Während also die Titanic sich über die Unverständlichkeit mathematischer Konzepte für den Normaldenkenden lustig machte, wollten die NachDenkSeiten im Dezember 2022 wohl parodieren, wie es aussähe, wenn ein Mathematikprofessor mit den Mitteln rein mathematischer Logik die wirkliche Welt erklären wollte.
Mathematiker […] dürfen sagen: Nehmen wir mal das und das an. Und dann daraus ihre Schlüsse ziehen. Oft machen sie es, um durch Argumente zu zeigen, dass die Annahme falsch ist. Aber es ist auch interessant, wenn man aus der Annahme interessante Folgerungen ziehen kann, manchmal auch solche, die nachher in einem Beweis münden.

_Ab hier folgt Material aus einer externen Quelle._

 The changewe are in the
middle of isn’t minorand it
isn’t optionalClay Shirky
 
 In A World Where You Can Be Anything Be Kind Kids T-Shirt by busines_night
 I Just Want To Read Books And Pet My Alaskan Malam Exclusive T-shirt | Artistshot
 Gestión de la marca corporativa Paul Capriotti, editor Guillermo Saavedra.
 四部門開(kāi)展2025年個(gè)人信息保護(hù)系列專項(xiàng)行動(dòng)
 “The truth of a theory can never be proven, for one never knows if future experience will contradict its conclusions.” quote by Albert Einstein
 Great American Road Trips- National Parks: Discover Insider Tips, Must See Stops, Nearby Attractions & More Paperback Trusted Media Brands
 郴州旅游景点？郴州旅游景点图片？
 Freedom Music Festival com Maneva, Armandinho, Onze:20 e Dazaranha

Nachdem man dem (erfundenen?) Mathematiker noch mehrmals in den Mund legte, ihm fehle die “Expertise”, um die Entwicklungen in der Ukraine einzuschätzen, ließ man ihn – im Stile der Corona-Leugner, die ja auch immer nur Fragen stellten – dann als Frage formulieren
Oder war es [der Angriff Russlands auf die Ukraine und der Bruch des Völkerrechts] im Lichte der obigen Annahmen und Überlegungen ein Verteidigungskrieg? Dies bedarf einer sorgfältigen Analyse, die hier nicht gegeben werden kann.
und letztlich zu dem Schluss kommen
Man braucht nicht viel Fantasie, um auf den folgenden Gedanken zu kommen. Wir (die USA und die von ihnen dominierte NATO) treiben die Militärreform in der Ukraine voran, wir schüren den Konflikt innerhalb der Ukraine, wir pumpen viel Geld in die Ukraine. Vielleicht verliert die russische Regierung mal die Nerven und fängt einen direkten Krieg an[…].
um freilich anschliessend noch einmal zu betonen, dass er als Nicht-Experte dazu keine abschliessende Antwort geben könne. Sicher eine technisch gut gemachte Parodie, aber überhaupt nicht lustig.